The Ghost Town That is This California City

There’s a ghost town that was meant to become a major urban center during the 1950s in the Mojave Desert. Can it make a comeback?
America’s 34th largest city has tumbleweeds as its primary residents. This is Kern County’s California City, a Death Valley suburb that was designed to handle the state of California’s ballooning population in the 1950s. Real estate developer Nat Mendelsohn began construction of the area in 1956 after buying up hundreds of miles of desert ranch land and subdivided it into thousands of plots for families to come in and build their dream homes on.

What Mendelsohn promoted as a metropolis in the making that would rival Los Angeles when completed soon became an example of money being flushed down an uninstalled toilet. California City was in the middle of nowhere, and not surprisingly not many people were brave enough to take the first groundbreaking steps to moving there. The frequent desert dust storms didn’t help the situation, either.

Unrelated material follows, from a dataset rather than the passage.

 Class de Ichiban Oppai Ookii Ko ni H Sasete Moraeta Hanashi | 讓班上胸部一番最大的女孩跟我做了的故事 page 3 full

Roads were laid out and named after universities, but never paved. Some people did build houses, but in those early years California City barely made it to the point of having more than a thousand residents. Its claim to being the 34th largest city in America is based on its physical footprint only – 200 square miles of land.
For years it looked as though it would be a completely deserted dream that was doomed to never come true. Today, about 14,000 people call California City home. Only a small corner of the original land delegated for the town is inhabited, so the residents and businesses are still surrounded by a whole lot of dust and a city skeleton.
California City is holding strong now, despite its shaky beginnings and initial over-hyped potential. It is home to a 2,300-bed prison, a mining operation and a test track for Honda vehicles. It is still a work in progress, but on the bright side there’s lots of room for anyone who’s up for a move to somewhere away from the hustle and bustle of big city living.